Department of Mathematics, University of California, Berkeley, California, USA.
BMC Bioinformatics. 2010 Aug 18;11:430. doi: 10.1186/1471-2105-11-430.
We study the statistical properties of fragment coverage in genome sequencing experiments. In an extension of the classic Lander-Waterman model, we consider the effect of the length distribution of fragments. We also introduce a coding of the shape of the coverage depth function as a tree and explain how this can be used to detect regions with anomalous coverage. This modeling perspective is especially germane to current high-throughput sequencing experiments, where both sample preparation protocols and sequencing technology particulars can affect fragment length distributions.
Under the mild assumptions that fragment start sites are Poisson distributed and successive fragment lengths are independent and identically distributed, we observe that, regardless of fragment length distribution, the fragments produced in a sequencing experiment can be viewed as resulting from a two-dimensional spatial Poisson process. We then study the successive jumps of the coverage function, and show that they can be encoded as a random tree that is approximately a Galton-Watson tree with generation-dependent geometric offspring distributions whose parameters can be computed.
We extend standard analyses of shotgun sequencing that focus on coverage statistics at individual sites, and provide a null model for detecting deviations from random coverage in high-throughput sequence census based experiments. Our approach leads to explicit determinations of the null distributions of certain test statistics, while for others it greatly simplifies the approximation of their null distributions by simulation. Our focus on fragments also leads to a new approach to visualizing sequencing data that is of independent interest.
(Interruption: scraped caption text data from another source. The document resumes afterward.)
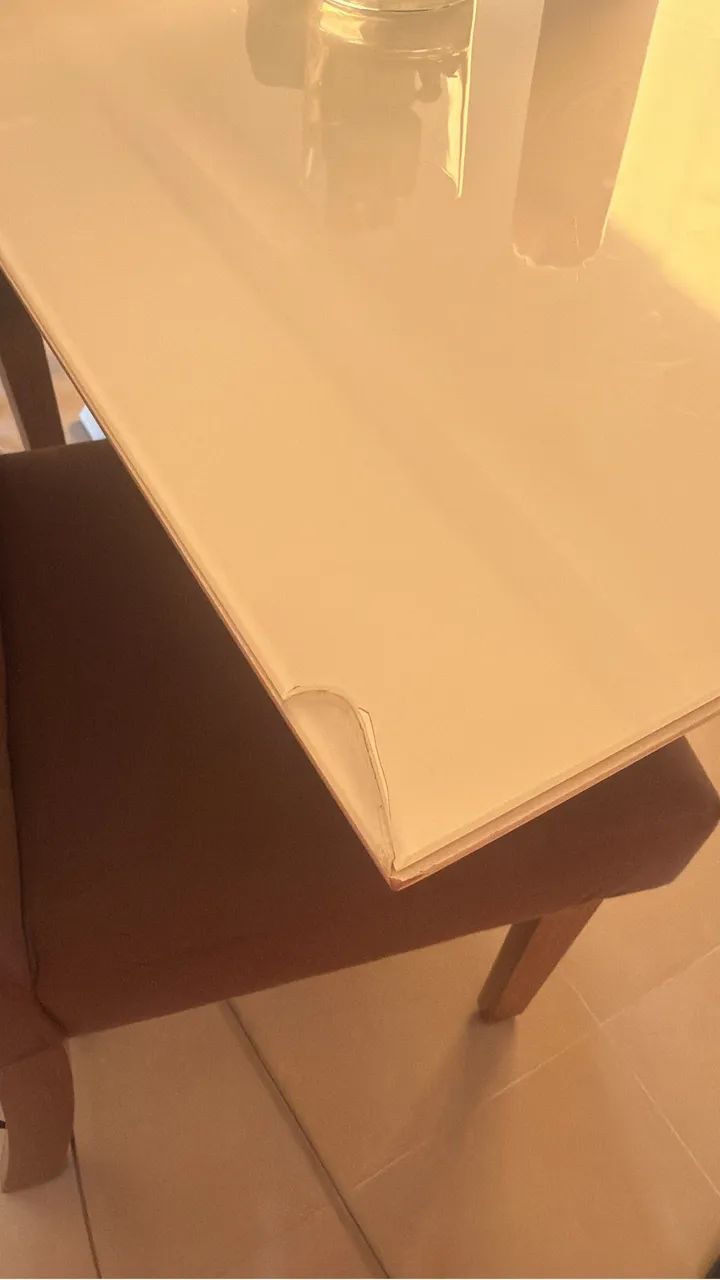 Vendo mesa com 6 cadeiras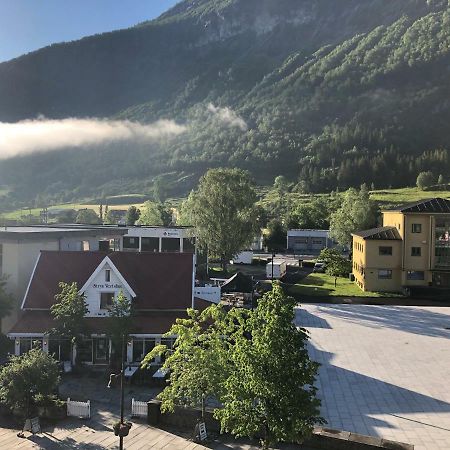 Stryn Kaffebar&Vertshus Exterior foto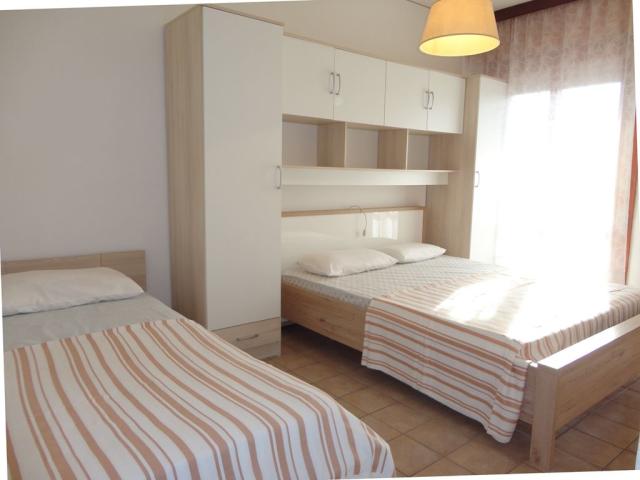 Holiday trilo 28 (3)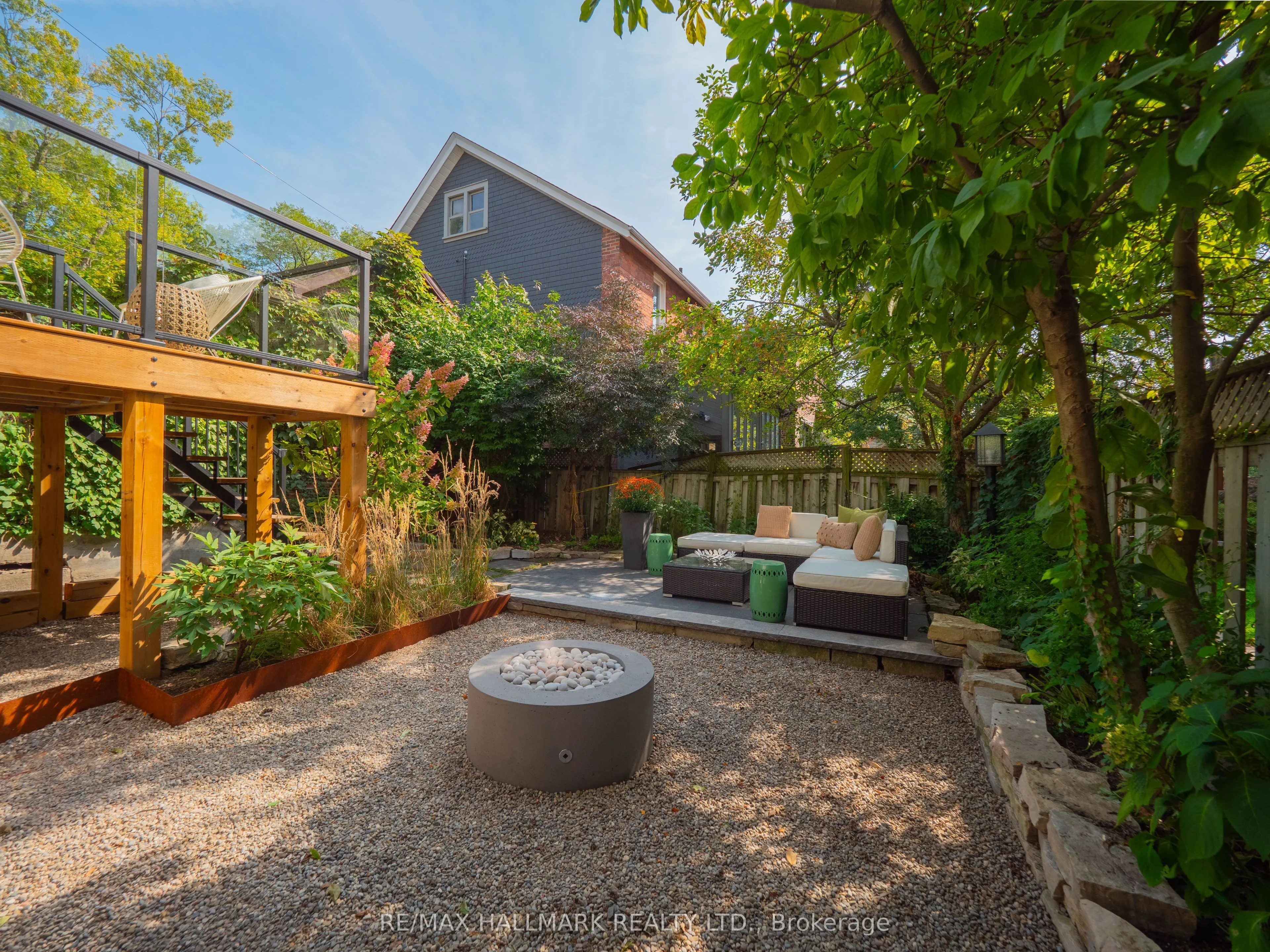 81 Hogarth Avenue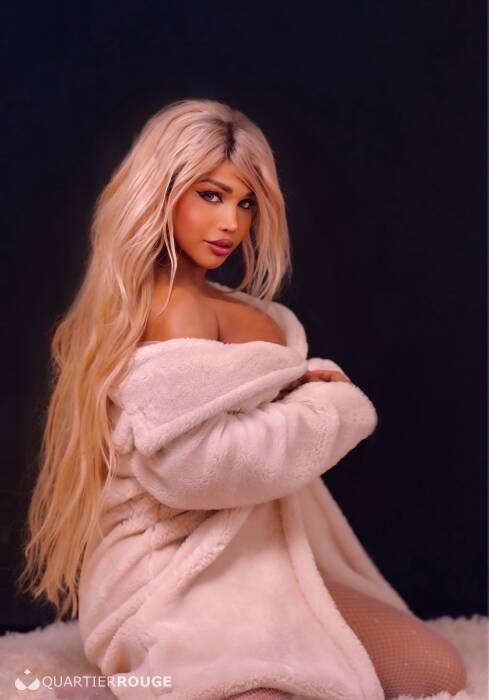 Sofia Party TS (Photo)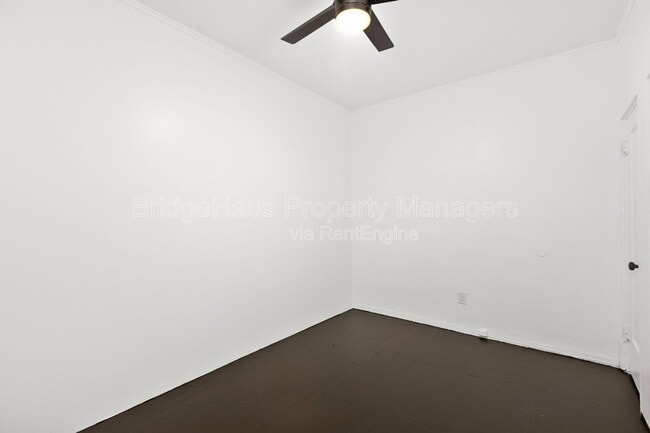Photo - 2664 Sixth Ave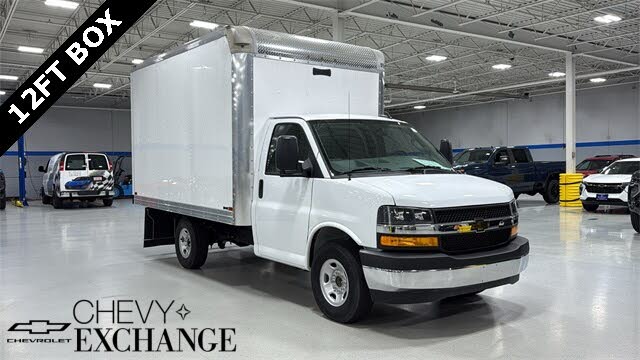 2025 Chevrolet Express Chassis 3500 Cutaway 139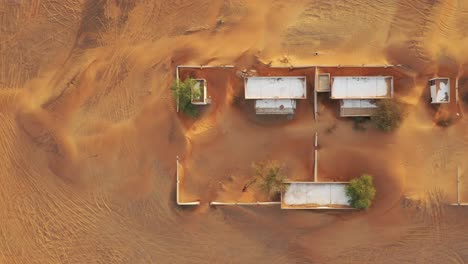 Luftaufnahme-Eines-Leeren-Verlassenen-Dorfes-Und-Von-Wüstensand-Bedeckter-Häuser-In-Der-Nähe-Von-Dubai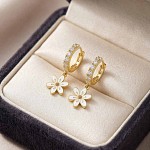 Kreoler i forgylt sølv med cirkonia og hvitveis. LIV - 701403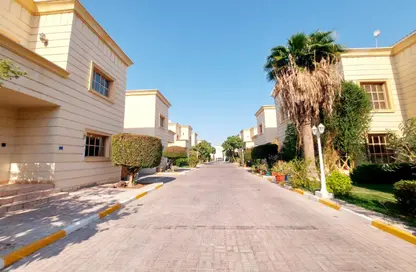 Villa - 4 Bedrooms - 4 Bathrooms for rent in Old Airport Road - Old Airport Road - Doha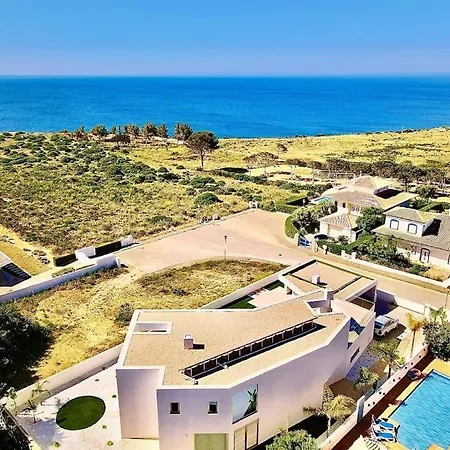 Willa Ocean View Architectural Modern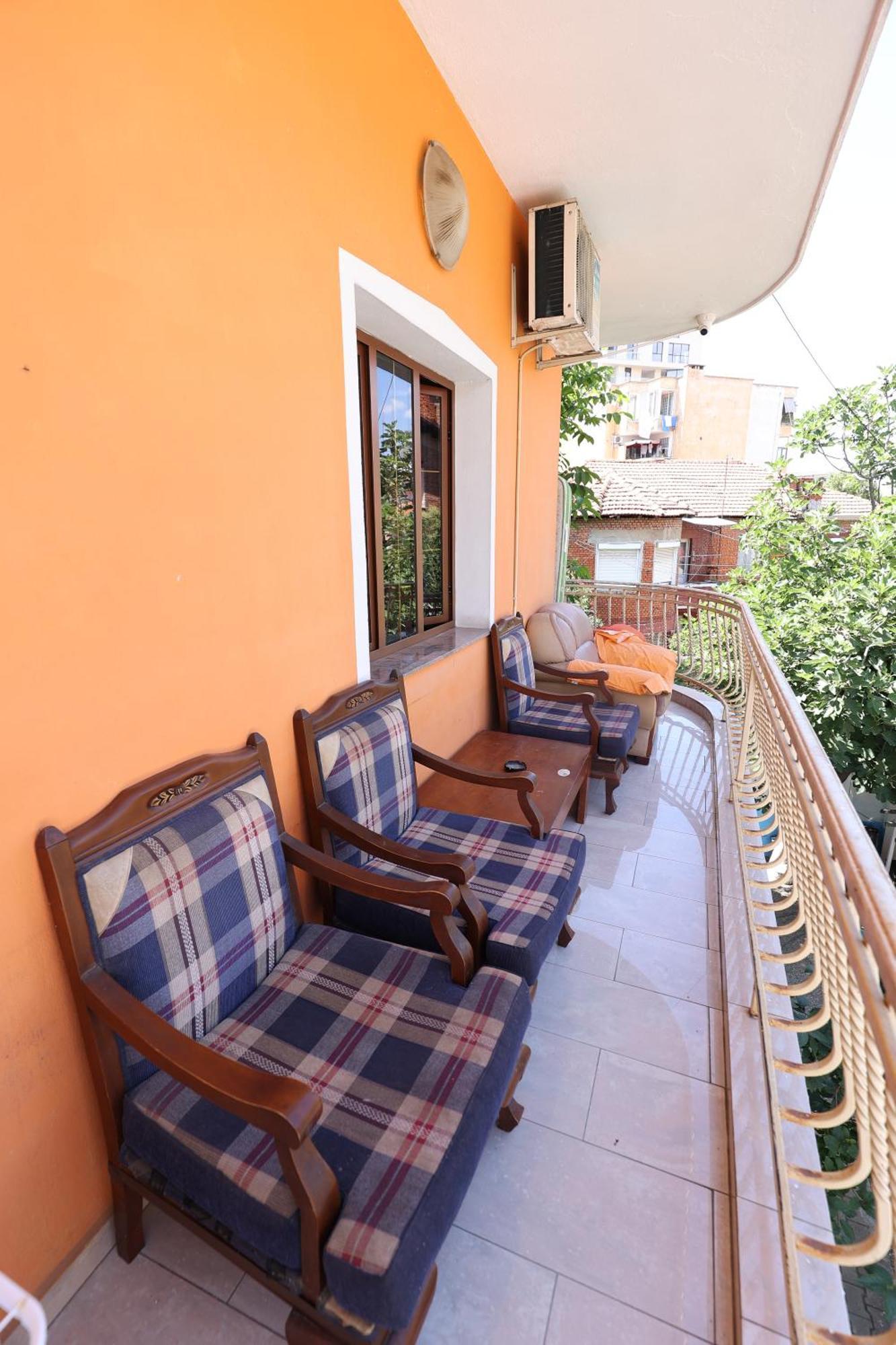 Hostel Osho Tirana Exterior photo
我们研究了基因组测序实验中片段覆盖度的统计特性。在经典的 Lander-Waterman 模型的扩展中,我们考虑了片段长度分布的影响。我们还引入了一种将覆盖深度函数形状编码为树的方法,并解释了如何使用这种方法来检测具有异常覆盖度的区域。这种建模视角尤其适用于当前的高通量测序实验,其中样品制备方案和测序技术细节都可能影响片段长度分布。
在片段起始位点呈泊松分布且连续片段长度独立同分布的温和假设下,我们观察到,无论片段长度分布如何,测序实验中产生的片段都可以看作是二维空间泊松过程的结果。然后,我们研究了覆盖函数的连续跳跃,并表明它们可以编码为随机树,该树近似于具有世代相关几何后代分布的 Galton-Watson 树,其参数可以计算。
我们扩展了专注于单个位点覆盖度统计的标准霰弹枪测序分析,并提供了一种基于高通量序列计数实验检测随机覆盖偏差的零模型。我们的方法导致了某些检验统计量的零分布的显式确定,而对于其他检验统计量,则通过模拟极大简化了它们的零分布的近似。我们对片段的关注也导致了一种新的可视化测序数据的方法,这是独立的兴趣点。